(Input data):
........
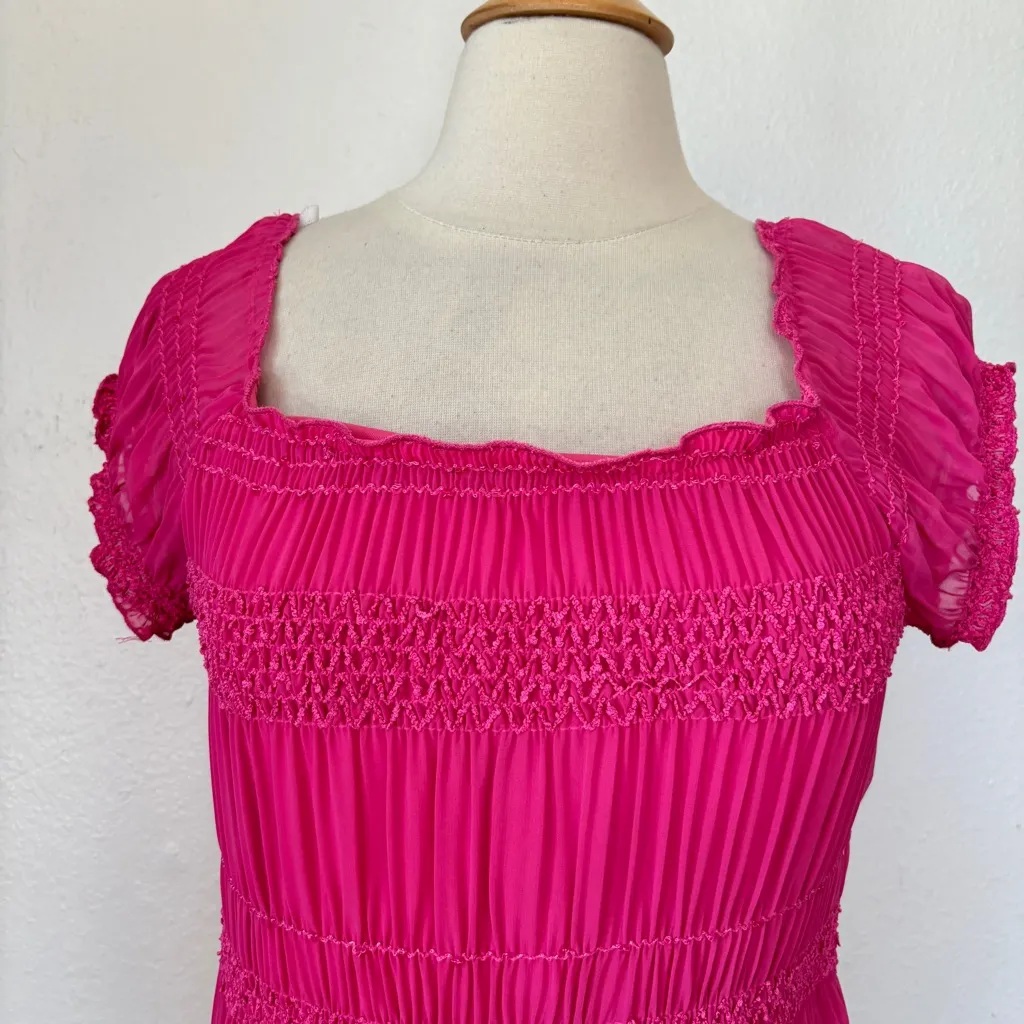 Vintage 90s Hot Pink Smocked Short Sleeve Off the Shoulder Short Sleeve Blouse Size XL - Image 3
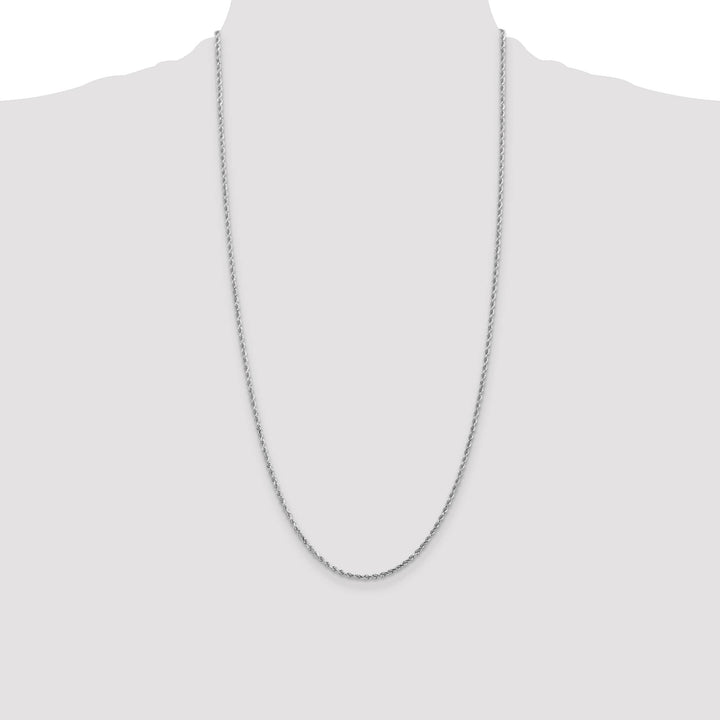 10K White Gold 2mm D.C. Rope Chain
........
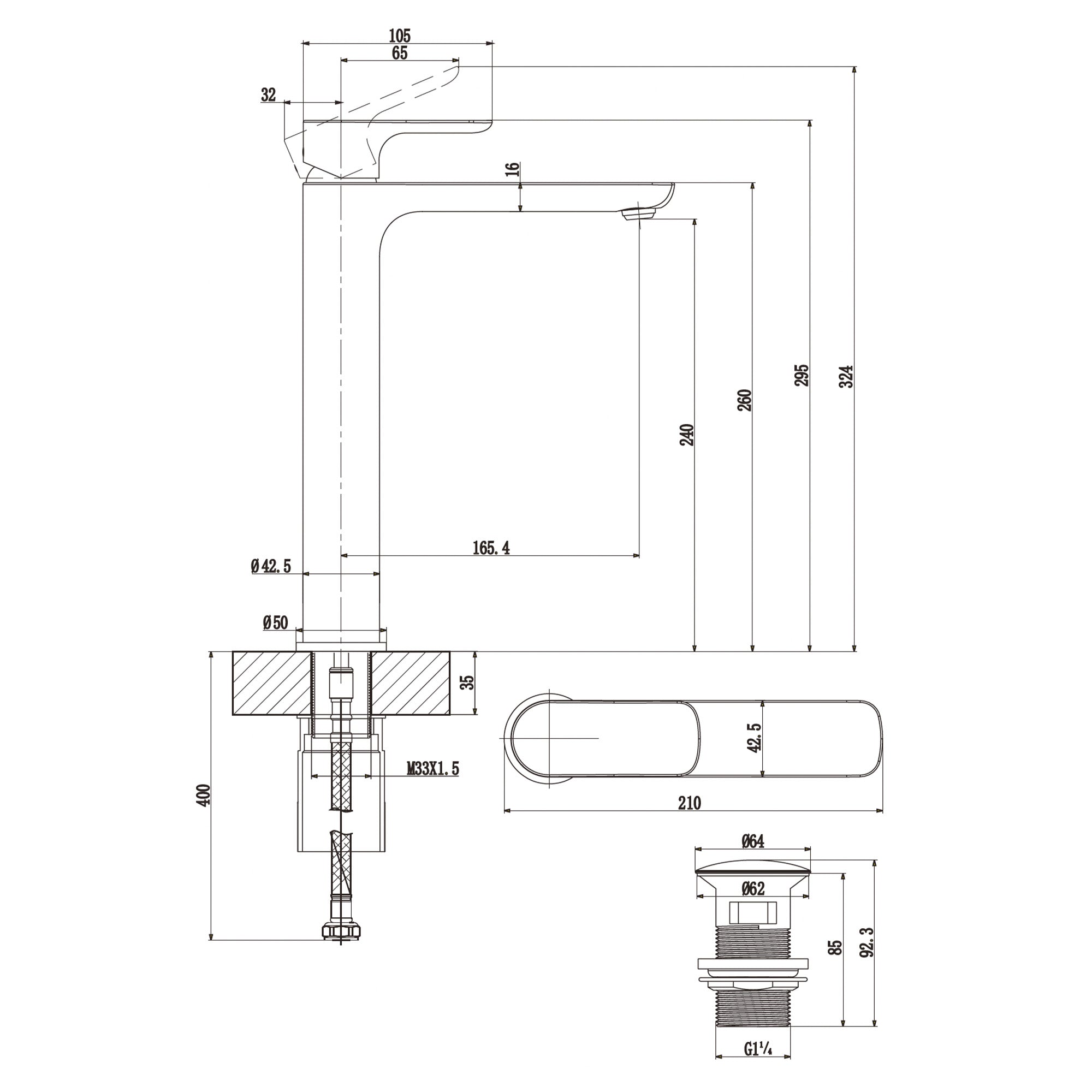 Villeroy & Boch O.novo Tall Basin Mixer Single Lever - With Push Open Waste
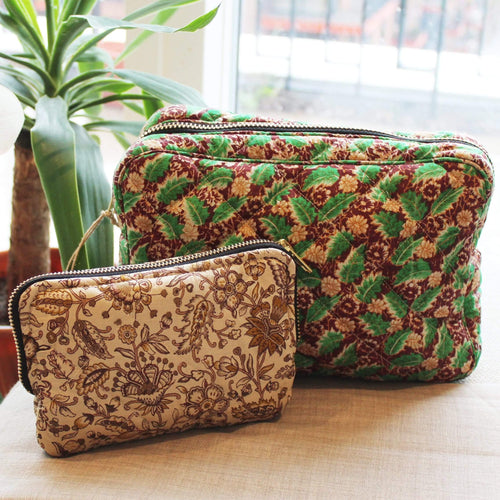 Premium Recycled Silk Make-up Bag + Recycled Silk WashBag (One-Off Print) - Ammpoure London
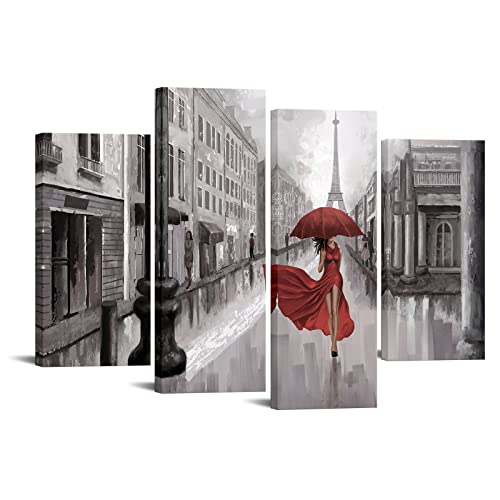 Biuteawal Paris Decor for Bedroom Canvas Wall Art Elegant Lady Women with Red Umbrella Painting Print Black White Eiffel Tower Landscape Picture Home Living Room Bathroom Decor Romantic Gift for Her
........
Copy word for word the lines above, starting at the line containing "Vintage 90s Hot" and ending at the line containing "10K White Gold 2mm D.C. Rope Chain", inclusive, with no pictures.

 Vintage 90s Hot Pink Smocked Short Sleeve Off the Shoulder Short Sleeve Blouse Size XL - Image 3
 10K White Gold 2mm D.C. Rope Chain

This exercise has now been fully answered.